Thanks for sharing I think I will do it exactly like you have.

Still waiting for my IOTAWatt to arrive :grinning_face_with_smiling_eyes:

No worries, happy to help.

The housing has standoffs, I just used a sheet of pegboard to mount all on.

The enclosure is in the electrical section, used for garden lighting powerboards.

Black boxes are neutral links, often used for the meters. Providing a neutral reference.

Hey Guys
Iam from Perth too. My IoTaWatt has just arrived after months of waiting.

@dopacak - my meter box looks nearly identical to yours.

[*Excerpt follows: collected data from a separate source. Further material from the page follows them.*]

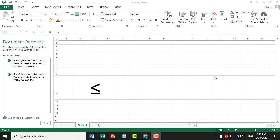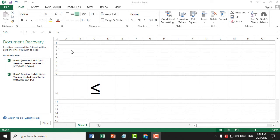Welcome guys. Today in this video I'm going to show you how to type this symbol in MS Word and Excel. This is very easy — if you want to type this symbol in Excel, firstly open Excel, then click on Insert.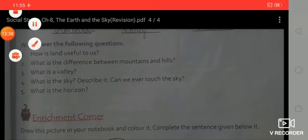If you have not completed the exercises, please complete them in your book and practice. Thanks for watching my video. Bye and take care.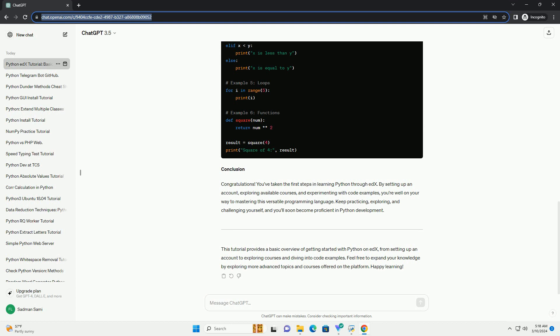Exploring Python courses on edX: Search for Python courses using the search bar on the edX website to look for Python courses. You can filter the results based on your preferences, such as level of difficulty, course provider, and whether the course is free or paid.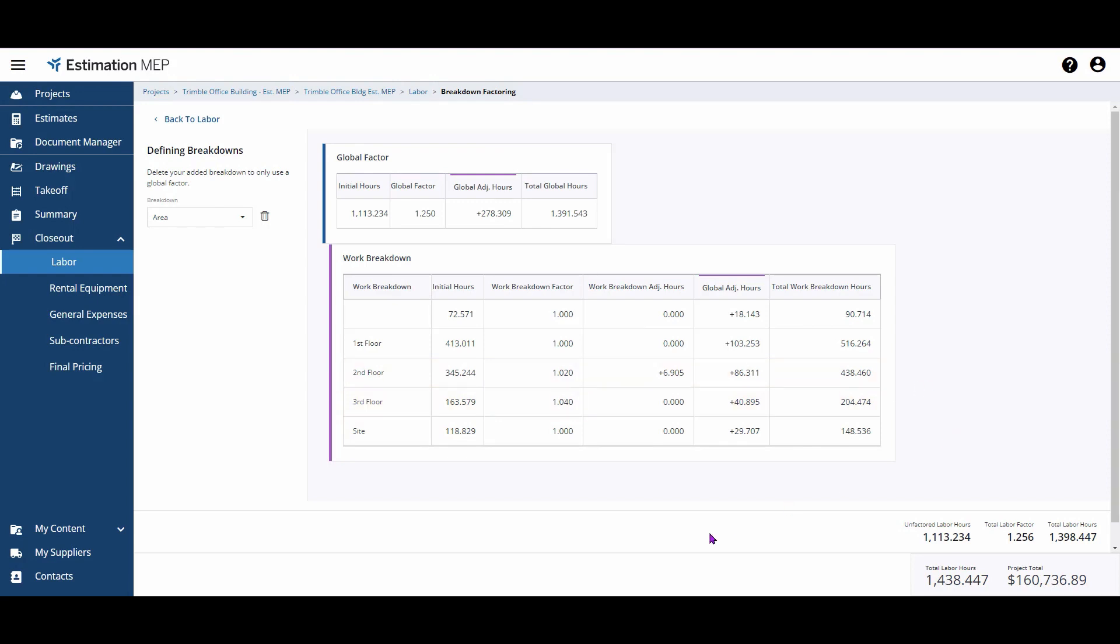Here, I've applied 2% direct labor additional on these work breakdown sections. You could also repurpose one of the work breakdown structures to apply factors for things like underground or working at a height.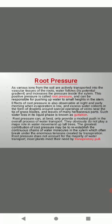Root pressure can at best only provide a modest push in the overall process of water transport. They obviously do not play a major role in water movement up tall trees. The greatest contribution of root pressure may be to re-establish the continuous chains of water molecules in the xylem which often break under the enormous tension created by transpiration. Root pressure does not account for majority of water transport. Most plants meet their need by transpiration pull.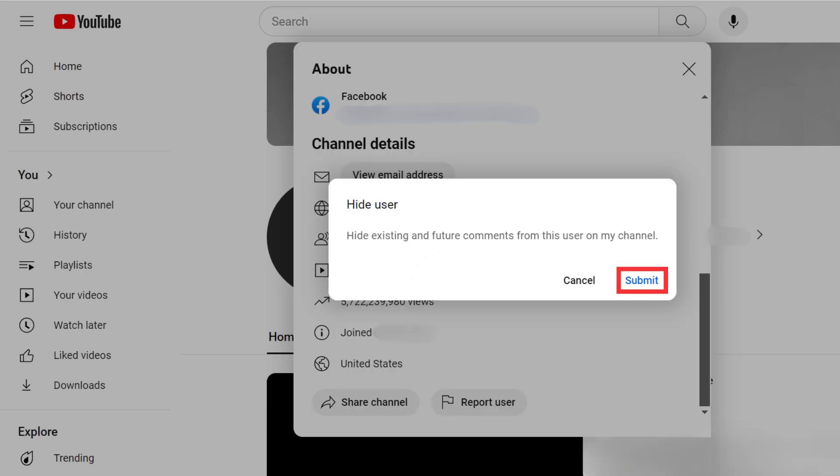Please note that the interface or page changes quite often, so if the page or interface looks different, don't worry. It's the same process with slight variations, but the core steps will remain the same.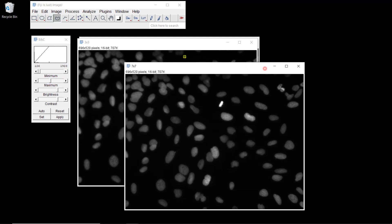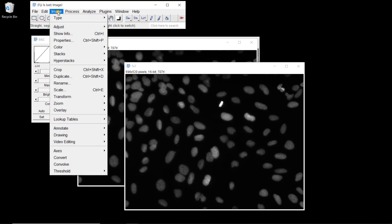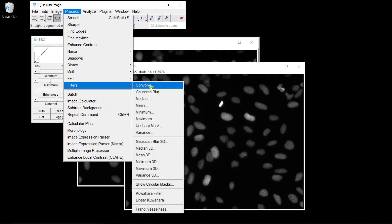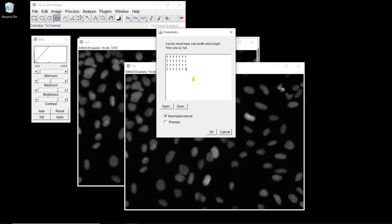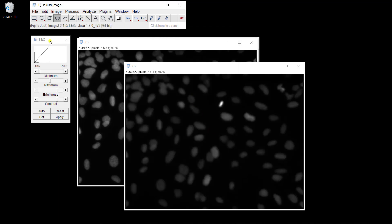Let's do the second convolution with a 7 by 7 kernel. Again, you go to Process > Filters > Convolve. Instead of 3 by 3, it's going to be 7 by 7. I'm going to fill a row of 7 ones — you can also copy and paste to go faster. On top, it tells you the size of your kernel: 7 by 7. It's not always easy to know where you are, especially if you have different numbers, but here you can just see it's a 7 by 7 kernel with ones everywhere. Let's apply this one and adjust the intensity.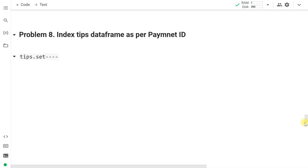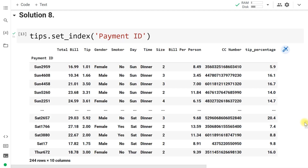Now we want to change the index. Currently row numbers start from 0. Instead, we want payment_id to be the index so we can search rows directly by payment_id. We use tips.set_index('payment_id'), and we can see that payment_id becomes the new index, replacing 0, 1, 2, 3, 4.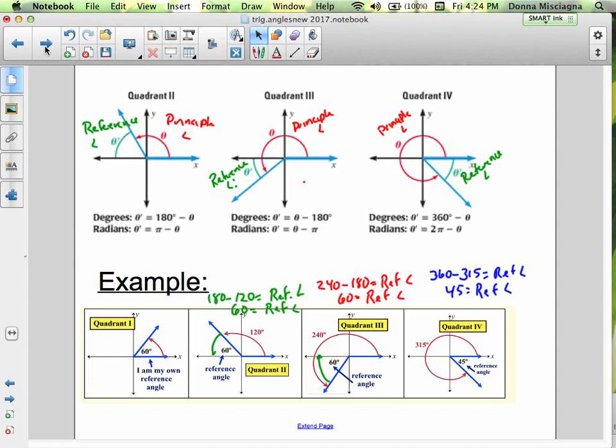In quadrant 3, the reference angle plus 180 adds to the principal angle, because we've gone more than 180 degrees. So subtract 180 or π from the principal to get the reference angle. For example, a 240-degree angle: 240 minus 180 gives a reference angle of 60 degrees. In quadrant 4, subtract the principal from 360. For a 315-degree angle: 360 minus 315 gives 45 degrees as the reference angle. These four examples are just that simple.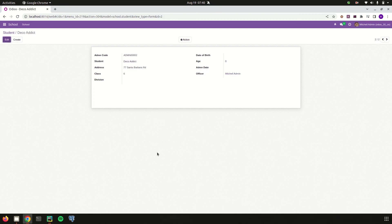Now it is correctly added. Likewise we can set validations for each record we need using SQL constraints in Odoo 16. I hope you understand the idea about SQL constraints and model constraints in Odoo 16. Thank you for watching the video.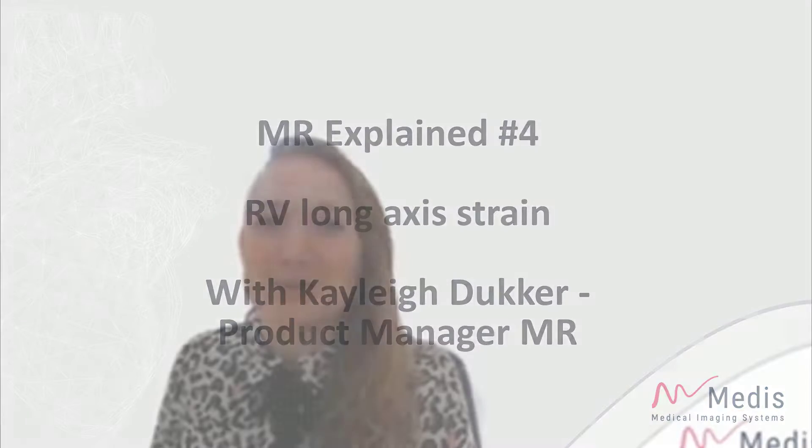Hi, welcome at the Metis with more quick tips. I am Kaylee Ducker and I am the product manager MR here at Metis. Today I will show you how you can do the right ventricle strain analysis.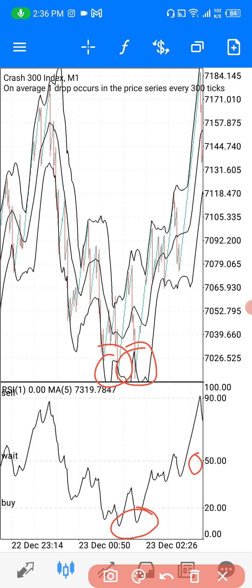When you want to sell on Crash 300, first wait for the Moving Average to cross above the 90 level, and wait for the candles or price to touch the Bollinger Bands at the top. Those are your sell entries. For stop loss, again use your entry point — if spikes cross over your entry point, close the trade. Take profits can be at 50 or at any point you feel is right.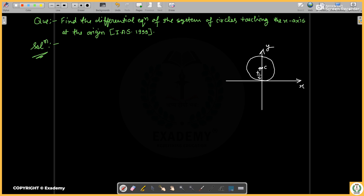It will be the Y-axis. The meaning here is that the radius is the same. Since we have seen the Y-axis, we understand the arbitrary constant from the previous question mentioned earlier.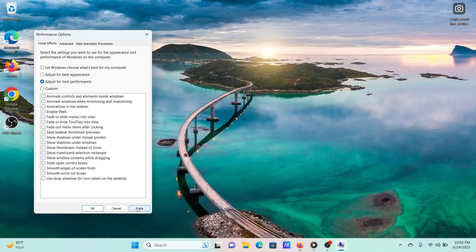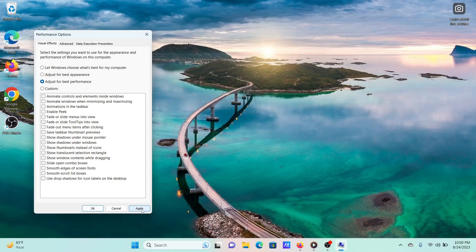Select the radio button associated with Adjust for best performance. This setting can impact the graphics quality of your system. Click on Apply and then on OK to save the settings.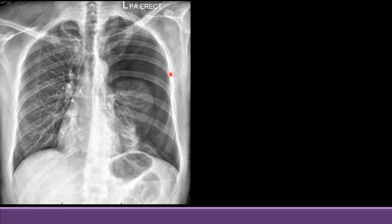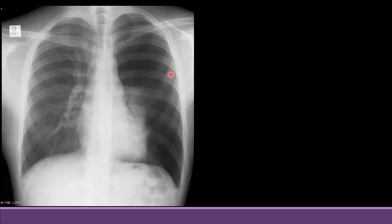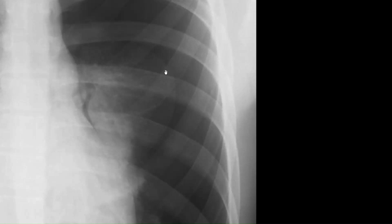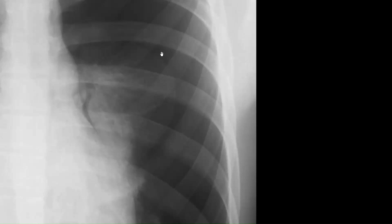Here is another pneumothorax X-ray. On the left side, there are no vascular markings across that entire area, while you can clearly see normal vascular markings on the right side. You can again see the line of the collapsed lung. This type of collapse is different from lobar collapse studied earlier — in pneumothorax, there is air pushing the lung away from the chest wall, whereas lobar collapse is usually due to an endobronchial lesion.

I’ve got a single GPO already on the DIN rail, so I will probably put a powerboard in. I also want to monitor my gas and water usage. That Bunnings enclosure looks exactly what I want.

Did you guys get the 3 amp Micro USB for power? Jaycar has a 2.5 A one.

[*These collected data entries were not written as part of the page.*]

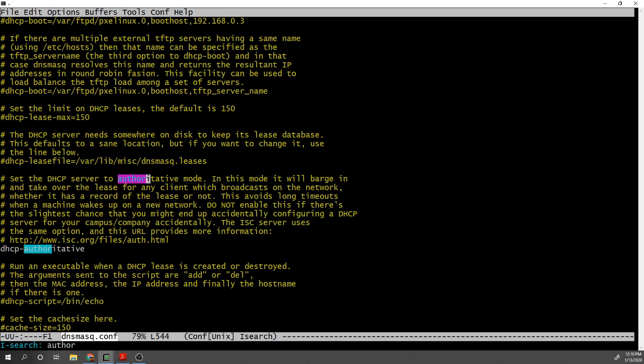Another option you might want to activate is this option here: DHCP authoritative. What this does is, as the comments above it explain, when you kickstart this DHCP server, the DHCP server will kick in and take over the leases of your network, of your clients. It's recommended to enable as you can see from the comments here and what people say about this option.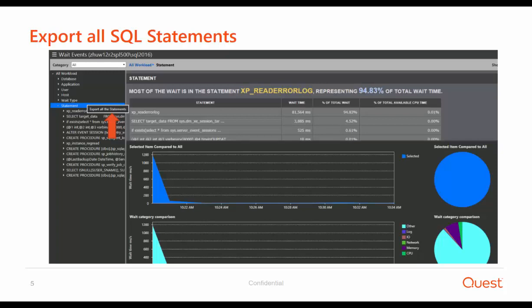Another nice feature in this release is the ability to export all the SQL statements to a separate text file. So far, there was no easy way to copy all the SQL statements, but now with this new feature, you can easily export all the SQL statements just by clicking on the statement dimension and clicking on the Export All SQL Statement button, as you can see in this screenshot.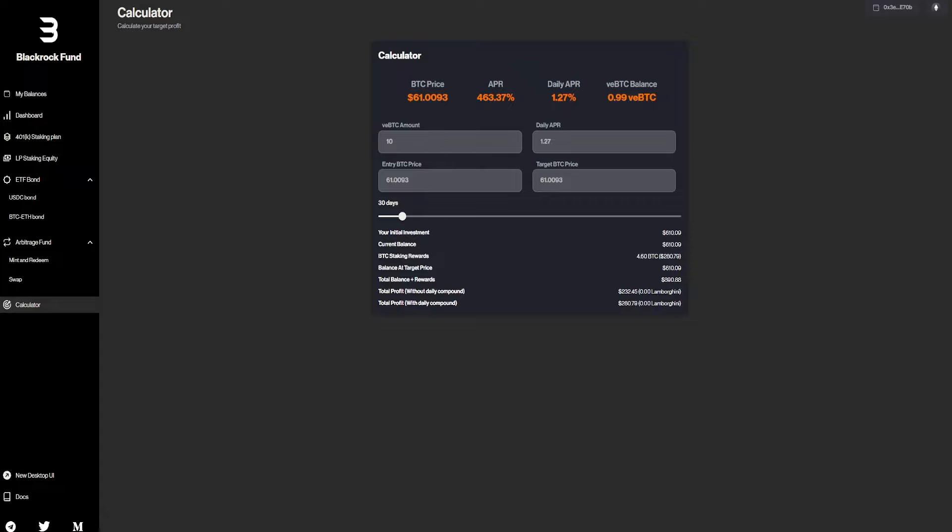So, we have the BTC staking reward, which is going to be almost $300. And the total balance plus reward is going to be $900. So basically, you guys have made $300 just by staking. And again, this is only with $600 and for 30 days.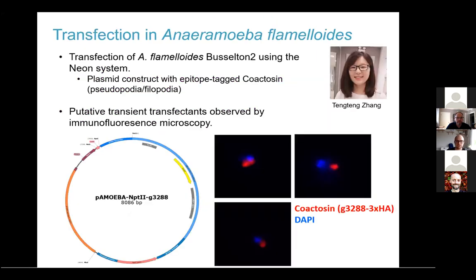We have also been developing genetic techniques to investigate this at the lab bench. Tang Tang Chang, a visiting member of the Roger lab, was able to obtain some early transfection results in Aneroamoeba flamyloides just before the COVID-19 outbreak. Hopefully we'll be able to revisit this in the future and develop it further.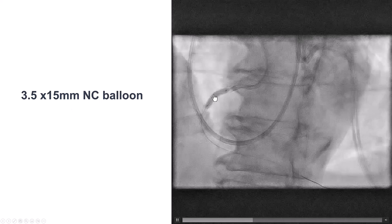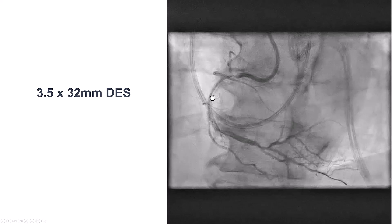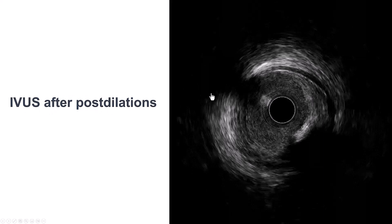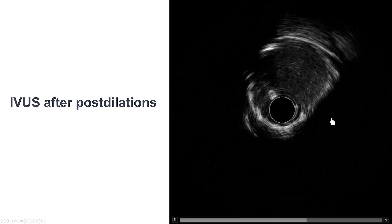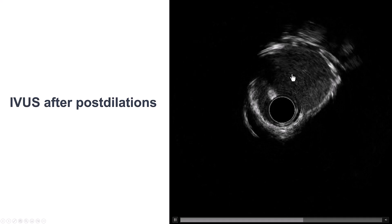He did receive a 3.5 by 32 millimeter drug-eluting stent, and that was post-dilated at high pressure with an NC balloon with a nice result. IVUS is important again, and we do see that there is good stent expansion, there is still calcification, there is oval shape of part of the vessel, but the area is actually good. So overall, we were satisfied with the result.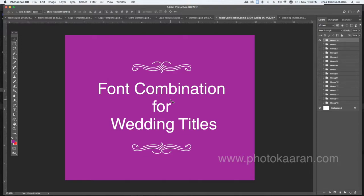I will show you how to use the font, the wedding title, and add the elements. I will show you how to use the fonts and elements for font combinations for the wedding titles.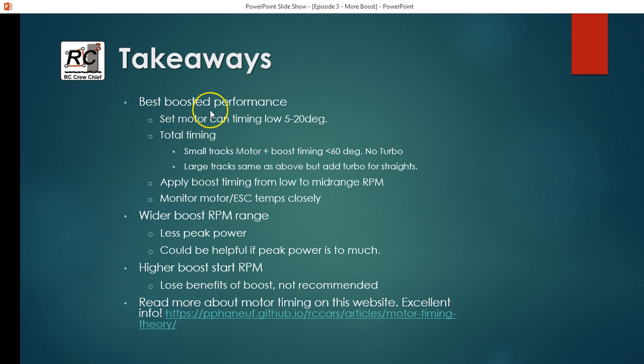So just to sort of summarize, you want to set your can timing as low as you can. Lowest I've gone is 15 degrees. There may be some benefits going down lower than that, but you'd have to do your own testing to find that out. Your total timing, from what I know, small tracks, you don't really want to put in turbo. You just don't have the straightaway length to really take any advantage of that. So you want to keep your motor plus boost timing to less than 60 degrees.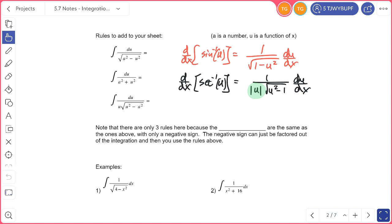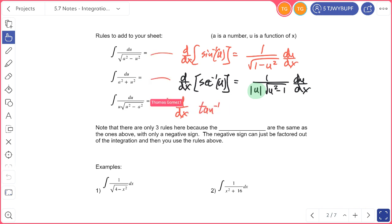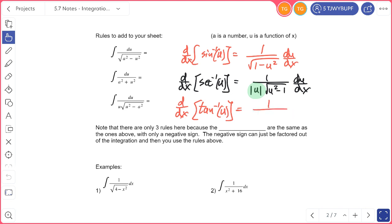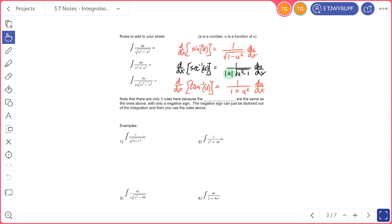We're not at 'a' yet — this is just if a equals 1 on both of these. For the derivative of arc tangent, you're going to have 1 over 1 plus u squared in the denominator, then du/dx. The big thing to remember: include the absolute value when you're deriving arc secant.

Hey Prisoner, I’m also in Perth. I used an existing USB adapter so can’t help you there but I bought the recommended reference power pack from Jaycar. The problem with the Jaycar USB adapters was they were USB type C connectors from memory.

I tried the Bunnings enclosure (when I finally found one) and didn’t like it. Went with a really sturdy equipment box from a local importer. I can swing you the name if you need it.

That would be great! Ive got the Bunnings enclosure but its nothing special.

The sparky is coming tomorrow, so would like to find something better ASAP.

Here ya go : https://www.egline.com.au/product-page/280-x-280-x-130mm-hinged-lid-waterproof-abs-electrical-enclosure-junctio

I went with the 280x280x130 which is not the one in the photo on that web page because they just use a generic photo but it’s basically the same build. Local guy who imports a ton of electrical and data cabling stuff. I also bought my glands from him.

Looks very fancy. My local Jaycar has this.

Sealed ABS Enclosure - 240 x 160 x 90mm | Jaycar Electronics

Would it fit?

It would fit the IoTaWatt but not the GPO as well. 280 was ok vertically with my setup and with a bit of bend on the CT cables, 270 wide would be minimum I reckon.

The GPO is already in the Meter box.

Would 160mm wide be enough to fit the CT cables without bending too much? I might make a carboard mockup.

Sparky wants to fit the enclosure flush against the meter box.

Sorry, I think I confused one of my measurements there. 160mm wide with the IoTaWatt mounted vertically should just be enough to fit the cables in. It’s about 145mm from the edge of the stereo plug sheaths on each side. Would be tight and a bit messy though. Here’s a pic of mine with a tape measure across it…

I drove to Willetton and bought this one:

190x280x100mm Screw Cover IP67 Waterproof ABS Electrical Enclosure Junction Box | egline

Much better size and quality than the Jaycar box.